Pharma giant AstraZeneca remain committed to fulfilling their commitment for broad and equitable access to the vaccine, should late-stage clinical trials prove successful. So far, commitments to supply more than 2 billion doses of the vaccine have been agreed with the UK, US, Europe’s Inclusive Vaccines Alliance (IVA), the Coalition for Epidemic Preparedness (CEPI), Gavi the Vaccine Alliance and Serum Institute of India.
Alok Sharma, UK’s business secretary said, “Today’s results are extremely encouraging, taking us one step closer to finding a successful vaccine to protect millions in the UK and across the world.
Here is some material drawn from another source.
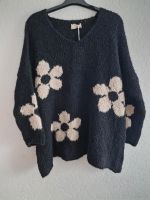 Damen Pullover Lang Grobstrick Italy Neu mit Blumen Niedersachsen - Delmenhorst Vorschau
Backed by £84 million Government investment for the vaccine’s development and manufacture, the agility and speed with which the University of Oxford has been working is outstanding. I am very proud of what they have achieved so far.”
Dr Kate Bingham, Chair of the UK's Vaccine Taskforce added, “The UK is fortunate to have such outstanding academic innovators working alongside the highly experienced global team at AstraZeneca. This partnership is working at exceptional speed to demonstrate the safety and clinical effectiveness of the chadox vaccine in protecting people against COVID-19 infection.”
Thailand Medical News however advises readers not to get over excited by any vaccine trial results as most are early results and do not point to how long the vaccines are able to provide protection and whether they are any negative side-effects including Antibody-Dependent Enhancement (ADE). https://www.thailandmedical.news/news/must-read-covid-19-vaccine-researchers-warn-rush-to-develop-vaccine-could-backfire-dangerous-antibody-dependent-enhancement-ade-could-occur
Emerging studies are already indicating that most of these vaccines might only be able to provide effective protection for about 6 to 10 weeks maximum!